The country needs an anti-fascist force, says activist acquitted after 40 months in jail

Sudhir Dhawale, a dalit rights activist accused of having Maoist links, was declared innocent on May 15.

Aarefa Johari, scroll.in, 24 May, 2014


On May 20, after spending three years and four months in Nagpur Central Jail for crimes he did not commit, dalit rights activist Sudhir Dhawale finally walked out as a free man.

His arrest in January 2011 had outraged social activists in Maharashtra.

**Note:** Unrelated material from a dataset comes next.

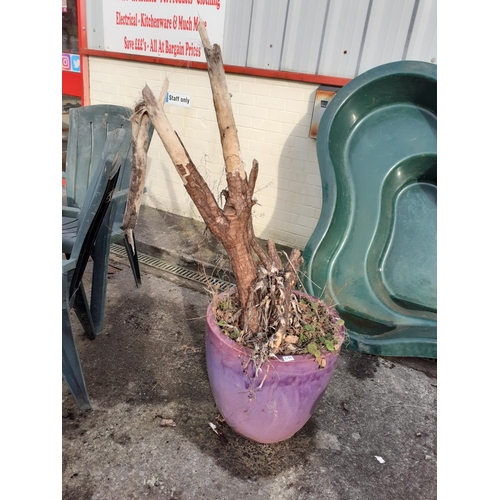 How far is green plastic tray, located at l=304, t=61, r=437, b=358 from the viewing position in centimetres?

Dhawale is a well-known poet, political commentator and publisher of Marathi magazine Vidrohi, and had attended a dalit literary gathering in Wardha district just before he was detained by the police. He was charged with sedition and, under the controversial Unlawful Activities Prevention Act, accused of being a member of a terrorist organisation and waging war against the state. Meanwhile in Mumbai, the police barged into his modest home where his young sons were alone, gathered several books as evidence and allegedly coerced his wife to sign the list of seized articles.

Last week, after the prosecution failed to prove even a single case against him, the sessions court finally acquitted Dhawale – and eight other political prisoners – of all charges. His acquittal has come four months after Arun Ferreira, another Mumbai-based social activist who spent five years in jail for being an alleged Maoist, was cleared of all charges against him. Just two weeks before Dhawale’s release, however, GN Saibaba, a Delhi University professor, was arrested by the Maharashtra police for allegedly having links with Maoists.